# Good find?



## hogied (Jul 12, 2007)

I'm not by any means what you would call a photographer, except for the occasional cell phone picture, but I found a couple cameras in my attic from the previous owners and I'd like to know if these are what you would call a good find.

I googled one and found out it's a Ikoflex Ia 854/16.

The other, I'm not sure of.  It's a bell and howell 16mm video camera, but that's all I know.  Any insight from the folks here would be greatly appreciated.

Thanks, Craig


----------



## blackdoglab (Jul 12, 2007)

The filmos have been around since the late 20's and I think continued into the 50's.  Bell and Howell 35mm cameras were the film industry standard in the teens and twenties until the mitchell came along, so i suspect that the lenses might be quite good (as far as the standards of the time go)


----------



## Mitica100 (Jul 13, 2007)

The Ikoflex Ia (I assume it's either the Novar or Triotar lens) is a decent MF picture taker. Nothing like its bigger cousin Rolleiflex, but decent.

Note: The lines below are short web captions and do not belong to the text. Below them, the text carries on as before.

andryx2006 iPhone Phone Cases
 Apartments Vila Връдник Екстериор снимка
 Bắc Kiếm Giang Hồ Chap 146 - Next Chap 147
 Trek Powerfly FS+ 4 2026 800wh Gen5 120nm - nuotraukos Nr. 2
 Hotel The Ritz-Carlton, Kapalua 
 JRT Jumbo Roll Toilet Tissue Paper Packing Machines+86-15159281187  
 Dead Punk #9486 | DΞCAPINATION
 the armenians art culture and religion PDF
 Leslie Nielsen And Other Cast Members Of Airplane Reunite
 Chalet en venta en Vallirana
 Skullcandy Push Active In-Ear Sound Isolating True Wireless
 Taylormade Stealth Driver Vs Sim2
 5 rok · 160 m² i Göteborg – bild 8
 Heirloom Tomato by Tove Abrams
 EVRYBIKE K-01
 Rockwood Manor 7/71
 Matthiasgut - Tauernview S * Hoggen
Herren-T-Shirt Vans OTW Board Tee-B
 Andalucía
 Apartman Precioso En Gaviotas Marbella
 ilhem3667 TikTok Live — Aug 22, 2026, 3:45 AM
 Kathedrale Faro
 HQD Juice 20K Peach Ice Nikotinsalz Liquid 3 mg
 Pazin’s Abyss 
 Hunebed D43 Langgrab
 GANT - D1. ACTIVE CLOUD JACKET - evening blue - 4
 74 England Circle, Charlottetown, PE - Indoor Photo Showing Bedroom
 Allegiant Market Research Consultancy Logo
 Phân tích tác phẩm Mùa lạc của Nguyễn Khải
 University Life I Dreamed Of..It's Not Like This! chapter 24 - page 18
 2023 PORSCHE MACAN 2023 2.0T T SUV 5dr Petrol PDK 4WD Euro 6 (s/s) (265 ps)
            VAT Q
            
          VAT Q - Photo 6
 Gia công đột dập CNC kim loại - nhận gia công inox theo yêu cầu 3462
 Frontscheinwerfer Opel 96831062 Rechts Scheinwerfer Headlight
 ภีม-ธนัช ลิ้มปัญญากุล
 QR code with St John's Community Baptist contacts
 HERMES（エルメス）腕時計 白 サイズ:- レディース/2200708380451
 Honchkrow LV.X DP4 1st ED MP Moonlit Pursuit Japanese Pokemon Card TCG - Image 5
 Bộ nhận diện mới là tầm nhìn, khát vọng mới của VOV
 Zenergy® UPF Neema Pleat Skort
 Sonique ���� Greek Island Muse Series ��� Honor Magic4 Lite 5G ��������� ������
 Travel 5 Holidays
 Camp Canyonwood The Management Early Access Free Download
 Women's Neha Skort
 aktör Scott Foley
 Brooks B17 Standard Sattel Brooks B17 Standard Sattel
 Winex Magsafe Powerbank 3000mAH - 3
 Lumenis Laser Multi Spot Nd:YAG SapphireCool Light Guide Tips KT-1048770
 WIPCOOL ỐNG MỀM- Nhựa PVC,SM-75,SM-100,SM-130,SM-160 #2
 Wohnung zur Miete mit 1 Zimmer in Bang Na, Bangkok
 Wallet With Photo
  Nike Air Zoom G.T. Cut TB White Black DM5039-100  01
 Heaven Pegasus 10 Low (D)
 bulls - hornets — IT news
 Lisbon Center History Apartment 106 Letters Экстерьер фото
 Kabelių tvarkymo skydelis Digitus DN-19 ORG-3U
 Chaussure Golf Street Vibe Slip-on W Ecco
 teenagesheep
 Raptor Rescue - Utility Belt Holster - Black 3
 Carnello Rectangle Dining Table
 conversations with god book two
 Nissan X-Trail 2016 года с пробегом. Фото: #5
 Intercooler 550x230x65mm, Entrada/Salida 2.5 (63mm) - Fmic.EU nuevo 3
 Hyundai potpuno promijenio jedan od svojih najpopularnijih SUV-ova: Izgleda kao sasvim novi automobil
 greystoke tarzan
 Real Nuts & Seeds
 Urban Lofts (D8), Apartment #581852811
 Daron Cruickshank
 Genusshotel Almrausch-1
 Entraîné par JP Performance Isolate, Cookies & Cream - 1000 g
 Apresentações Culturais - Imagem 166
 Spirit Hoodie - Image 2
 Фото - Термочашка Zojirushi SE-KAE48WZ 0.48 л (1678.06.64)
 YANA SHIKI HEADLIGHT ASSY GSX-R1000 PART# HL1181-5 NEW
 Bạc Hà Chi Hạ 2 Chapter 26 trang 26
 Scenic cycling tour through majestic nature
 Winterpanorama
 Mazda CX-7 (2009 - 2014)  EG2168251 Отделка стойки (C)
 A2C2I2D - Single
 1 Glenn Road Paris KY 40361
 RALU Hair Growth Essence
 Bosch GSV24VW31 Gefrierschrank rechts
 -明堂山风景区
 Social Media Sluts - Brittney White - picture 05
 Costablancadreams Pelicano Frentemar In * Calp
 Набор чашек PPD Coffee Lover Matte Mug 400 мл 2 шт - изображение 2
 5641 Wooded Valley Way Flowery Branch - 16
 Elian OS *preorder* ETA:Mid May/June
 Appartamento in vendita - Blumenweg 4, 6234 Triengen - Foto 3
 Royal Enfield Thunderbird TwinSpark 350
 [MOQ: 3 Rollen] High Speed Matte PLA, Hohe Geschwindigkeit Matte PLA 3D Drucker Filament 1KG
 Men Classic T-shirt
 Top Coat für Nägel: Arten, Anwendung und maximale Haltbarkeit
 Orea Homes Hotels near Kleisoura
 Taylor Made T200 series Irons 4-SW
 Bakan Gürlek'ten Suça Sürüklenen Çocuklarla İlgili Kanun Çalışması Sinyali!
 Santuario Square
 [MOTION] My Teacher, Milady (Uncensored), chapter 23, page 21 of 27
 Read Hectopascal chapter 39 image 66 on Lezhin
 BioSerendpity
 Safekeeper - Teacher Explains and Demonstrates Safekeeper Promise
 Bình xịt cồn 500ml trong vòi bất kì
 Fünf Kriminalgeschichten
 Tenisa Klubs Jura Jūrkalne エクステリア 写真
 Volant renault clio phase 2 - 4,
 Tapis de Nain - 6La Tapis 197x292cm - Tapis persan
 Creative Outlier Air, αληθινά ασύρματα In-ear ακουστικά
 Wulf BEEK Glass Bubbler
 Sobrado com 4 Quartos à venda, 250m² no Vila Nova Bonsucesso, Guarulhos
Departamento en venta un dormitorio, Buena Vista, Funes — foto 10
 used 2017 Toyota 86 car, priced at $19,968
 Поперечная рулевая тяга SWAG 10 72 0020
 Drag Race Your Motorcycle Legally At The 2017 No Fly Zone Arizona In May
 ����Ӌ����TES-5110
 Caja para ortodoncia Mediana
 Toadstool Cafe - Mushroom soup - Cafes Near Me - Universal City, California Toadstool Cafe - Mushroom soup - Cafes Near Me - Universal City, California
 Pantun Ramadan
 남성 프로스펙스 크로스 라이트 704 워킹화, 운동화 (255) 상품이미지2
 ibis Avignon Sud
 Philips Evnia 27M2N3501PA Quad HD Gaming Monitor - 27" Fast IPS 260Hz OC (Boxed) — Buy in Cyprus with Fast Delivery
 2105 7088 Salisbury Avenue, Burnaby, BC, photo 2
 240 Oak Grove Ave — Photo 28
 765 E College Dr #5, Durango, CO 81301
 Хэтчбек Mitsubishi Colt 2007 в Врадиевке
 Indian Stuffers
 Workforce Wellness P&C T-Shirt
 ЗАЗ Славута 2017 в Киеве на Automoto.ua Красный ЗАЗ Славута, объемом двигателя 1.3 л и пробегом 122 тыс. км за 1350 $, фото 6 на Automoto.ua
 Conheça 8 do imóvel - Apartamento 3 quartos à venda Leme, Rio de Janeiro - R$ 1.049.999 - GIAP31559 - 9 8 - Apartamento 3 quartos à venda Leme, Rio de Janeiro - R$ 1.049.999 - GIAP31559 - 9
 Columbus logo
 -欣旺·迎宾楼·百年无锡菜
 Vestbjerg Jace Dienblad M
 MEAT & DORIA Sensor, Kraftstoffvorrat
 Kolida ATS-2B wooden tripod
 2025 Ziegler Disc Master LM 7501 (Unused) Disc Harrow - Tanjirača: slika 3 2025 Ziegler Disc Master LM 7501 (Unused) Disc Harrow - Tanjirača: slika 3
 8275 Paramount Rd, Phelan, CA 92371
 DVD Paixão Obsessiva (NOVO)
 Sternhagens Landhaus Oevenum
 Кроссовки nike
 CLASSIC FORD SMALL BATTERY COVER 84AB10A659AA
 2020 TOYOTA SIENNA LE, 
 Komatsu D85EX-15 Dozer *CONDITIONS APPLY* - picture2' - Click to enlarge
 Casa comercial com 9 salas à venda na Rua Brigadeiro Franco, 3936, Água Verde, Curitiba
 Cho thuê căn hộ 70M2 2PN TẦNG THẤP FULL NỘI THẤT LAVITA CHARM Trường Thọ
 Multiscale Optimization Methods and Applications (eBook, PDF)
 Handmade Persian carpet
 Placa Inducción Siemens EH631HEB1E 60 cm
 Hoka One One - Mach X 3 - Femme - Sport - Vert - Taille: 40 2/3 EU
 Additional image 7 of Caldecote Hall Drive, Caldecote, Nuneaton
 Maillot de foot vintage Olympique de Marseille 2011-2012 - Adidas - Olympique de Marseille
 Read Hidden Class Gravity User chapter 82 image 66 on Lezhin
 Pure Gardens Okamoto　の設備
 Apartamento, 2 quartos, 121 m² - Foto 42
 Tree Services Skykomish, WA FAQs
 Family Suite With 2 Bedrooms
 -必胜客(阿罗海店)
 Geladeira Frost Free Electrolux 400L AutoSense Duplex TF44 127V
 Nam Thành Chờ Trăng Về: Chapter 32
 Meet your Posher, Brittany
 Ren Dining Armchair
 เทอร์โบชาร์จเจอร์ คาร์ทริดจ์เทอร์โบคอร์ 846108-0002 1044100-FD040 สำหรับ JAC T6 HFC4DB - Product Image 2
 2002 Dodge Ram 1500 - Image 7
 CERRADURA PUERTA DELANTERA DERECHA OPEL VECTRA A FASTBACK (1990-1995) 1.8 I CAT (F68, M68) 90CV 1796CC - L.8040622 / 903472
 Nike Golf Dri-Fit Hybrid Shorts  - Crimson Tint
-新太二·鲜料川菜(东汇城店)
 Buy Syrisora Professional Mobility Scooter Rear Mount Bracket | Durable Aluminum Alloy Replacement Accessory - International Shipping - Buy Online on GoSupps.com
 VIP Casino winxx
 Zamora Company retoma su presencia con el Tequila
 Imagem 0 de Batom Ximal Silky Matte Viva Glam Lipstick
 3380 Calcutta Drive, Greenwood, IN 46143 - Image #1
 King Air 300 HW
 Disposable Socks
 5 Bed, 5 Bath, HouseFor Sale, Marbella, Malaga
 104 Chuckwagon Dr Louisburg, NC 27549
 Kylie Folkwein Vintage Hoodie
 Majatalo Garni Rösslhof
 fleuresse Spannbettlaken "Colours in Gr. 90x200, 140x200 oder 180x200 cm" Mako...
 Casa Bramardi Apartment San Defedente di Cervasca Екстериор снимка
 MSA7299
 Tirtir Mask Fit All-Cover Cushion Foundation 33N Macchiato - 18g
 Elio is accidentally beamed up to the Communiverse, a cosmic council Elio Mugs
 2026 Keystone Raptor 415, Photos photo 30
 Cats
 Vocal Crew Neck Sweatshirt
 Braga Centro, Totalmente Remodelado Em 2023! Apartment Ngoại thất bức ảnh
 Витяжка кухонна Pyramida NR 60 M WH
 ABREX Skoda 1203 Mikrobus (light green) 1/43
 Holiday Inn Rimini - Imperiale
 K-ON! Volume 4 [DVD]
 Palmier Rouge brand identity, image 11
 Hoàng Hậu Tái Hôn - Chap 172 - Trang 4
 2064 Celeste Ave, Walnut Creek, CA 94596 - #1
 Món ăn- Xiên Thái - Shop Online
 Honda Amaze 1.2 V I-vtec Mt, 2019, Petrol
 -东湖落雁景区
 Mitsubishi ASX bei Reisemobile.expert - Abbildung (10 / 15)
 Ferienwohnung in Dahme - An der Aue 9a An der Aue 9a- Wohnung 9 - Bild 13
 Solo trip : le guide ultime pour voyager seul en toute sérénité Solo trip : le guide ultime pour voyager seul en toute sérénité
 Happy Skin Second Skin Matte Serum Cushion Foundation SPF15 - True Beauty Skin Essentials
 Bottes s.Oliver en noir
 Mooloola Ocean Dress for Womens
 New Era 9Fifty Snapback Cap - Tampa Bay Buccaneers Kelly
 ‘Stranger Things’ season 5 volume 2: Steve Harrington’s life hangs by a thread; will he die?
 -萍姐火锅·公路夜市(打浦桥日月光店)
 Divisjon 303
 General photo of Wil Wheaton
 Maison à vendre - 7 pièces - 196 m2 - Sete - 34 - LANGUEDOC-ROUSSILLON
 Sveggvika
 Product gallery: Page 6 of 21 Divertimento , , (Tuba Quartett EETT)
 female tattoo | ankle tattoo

Put some 120 film in it and give it a spin, you might like it.


----------



## alrey (Aug 11, 2007)

Spending $200 on a camera in 1948 would be about the same as spending $1700 in 2007. Somebody spent a decent chunk of change on that thing.


----------



## nealjpage (Aug 11, 2007)

alrey said:


> Spending $200 on a camera in 1948 would be about the same as spending $1700 in 2007. Somebody spent a decent chunk of change on that thing.



True.  But I also spent $1700 on my first computer.  Now that's in a dump somewhere...:mrgreen:


----------